The 1,000kg bomb was of a type known as a ‘Hermann’ during the War – after the Nazi Luftwaffe chief Hermann Goering. It was dropped on Exeter in 1942 and was uncovered in 2021 during building works on a site adjacent to Exeter University’s campus. Students had to be evacuated from nearby halls of residence as a 400-metre safety cordon was established.
Moving the fragile and degraded bomb was assessed to be far too dangerous by an Army bomb disposal team, who conducted a controlled detonation. Despite mitigation measures, serious damage was caused to campus buildings. The University claimed on its insurance but, in declining to pay out, its insurer pointed to the relevant policy’s war exclusion clause, which provided that losses occasioned by war were not covered.
Ruling in favour of the insurer, the Court observed that the dropping of the bomb was clearly an act of war.

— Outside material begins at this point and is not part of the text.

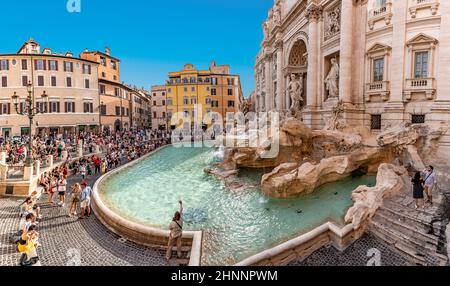 Les gens visitent la fontaine de Trevi à Rome. Jeter des pièces de monnaie dans la fontaine devrait donner de la chance au peuple. Banque D'Images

As a matter of common sense, it was the Luftwaffe’s action in doing so, rather than the bomb disposal team’s obviously correct decision to carry out a controlled detonation, that was the proximate cause of the explosion and the resulting damage.
The conclusion that the war exemption applied was unaffected by the passage of time. There was no suggestion that the bomb’s lethal potency had been depleted by the years and its entire payload went off in the controlled detonation as if it had been dropped yesterday. If the bomb had been moved, a rolling two-kilometre safety cordon would have been required.